Another first time mother had a medical problem and inadequate family support expressed her experience of peer support like this, “Here (KMC unit) everybody is feeding and caring for their babies. I am also doing the same. They help and encourage and correct me with the baby care. Other mothers are helpful and support me in various ways.” (M12)
They felt that the opportunity to observe how other parents caring for their PTI at NCUs was useful in learning care for their PTI, “Observing other mothers’ doing, it was easy to follow when nurses helped KMC. Now I am feeding him, providing KMC as guided. (M16).
Theme 3. Care involvement outcomes
Mothers shared a positive experience with the opportunity to get involved in the care of their PTIs. Initial hospital stays with the PTI separated in NCUs were very tedious and stressful due to uncertainty of their PTI’s condition and future progress as well as deprivation in maternal role. Gradually involvement in their PTI care like providing EBM became the means to visit their PTIs. Further progress of the maternal role like KMC, EBM feeding or breastfeeding were the opportunities for bonding with their PTIs, and for care enabling which led to parental satisfaction and emotional wellbeing. The theme is based on the following different subthemes (see Fig 1).

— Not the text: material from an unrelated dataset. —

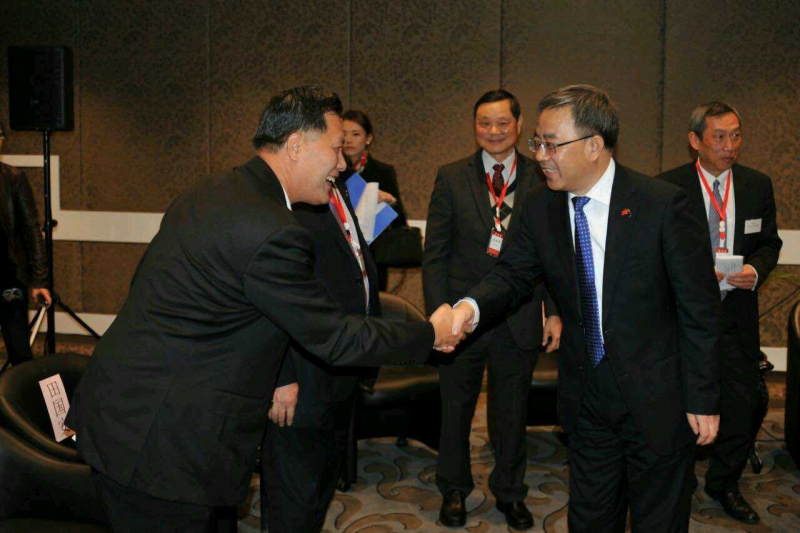 中央政治局委员、广东省委书记胡春华访新，会见禁漫
化学系82级校友黄伟雄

Promotion of infant-parent attachment.
In the situation of infant-parent separation, parenting or caring was opportunities were the means to visit and be connected with their PTIs. Mothers had feelings of closeness, love, and affection while providing care. A mother shared her feeling “I feel immense pleasure and being a mother when keeping my baby in KMC.” (M11)
Another mother who was deprived of closeness for a long time with her PTI expressed, “We were allowed just to see during visiting time. Nothing else but KMC and sucking physio (exercise) provided opportunities to be close to my baby.” (M4)
Another first-time mother shared her breastfeeding experience, “During breastfeeding, I felt closer to her like having a heart-to-heart connection. Lots of mothering love flows towards my baby.” (M14)
Most of the parents were able to be involved in their PTI’s care in SNCUs. Parents’ happiness was related to the progress of their PTIs and also to the bonding and parenting roles. A mother expressed, “It was quite boring when the baby was in NICU. Here (in SNCU), we visit our baby three-hourly and are involved in care. Now I am so glad and feel like being a mother.” (M9)
Confidence in PTI care/care enabling.
Parents, especially mothers, experienced care or parenting confidence with regular care involvement for their PTI. In particular, mothers who were involved in care of their PTI’s within the unit, provided care themselves in KMC unit or mother-baby unit and habituated for care before going home. Mothers expressed,
“I didn’t know about KMC. I did it for around 2 hours daily with their (nurses’) guidance and support in the unit. On the fourth day, they shifted my baby. Now, I am doing it most of the time here in KMC unit myself.” (M 18)
“Baby care was very difficult initially. Now, I am comfortable as I am caring for some days myself and can provide this much care after going home.” (M13)
“In the beginning, I felt some kind of hesitation, and difficulty. But now I am doing all the care as instructed.” (M3)
Mothers were also able to understand their PTI’s behavior cues and deal with their PTI’s care needs. A mother shared,
“ It was difficult to change his clothes and to feed him. After providing care for a week myself, it is easier now. I can understand my baby and what he likes. Sometimes, he wakes up and provides facial expression, sucks his finger and I feel he wants to feed. I can interpret his cry in different situations. “ (M11)
“Baby care was very difficult initially. Now, I am comfortable as I am caring for some days myself and can provide this much care after going home.”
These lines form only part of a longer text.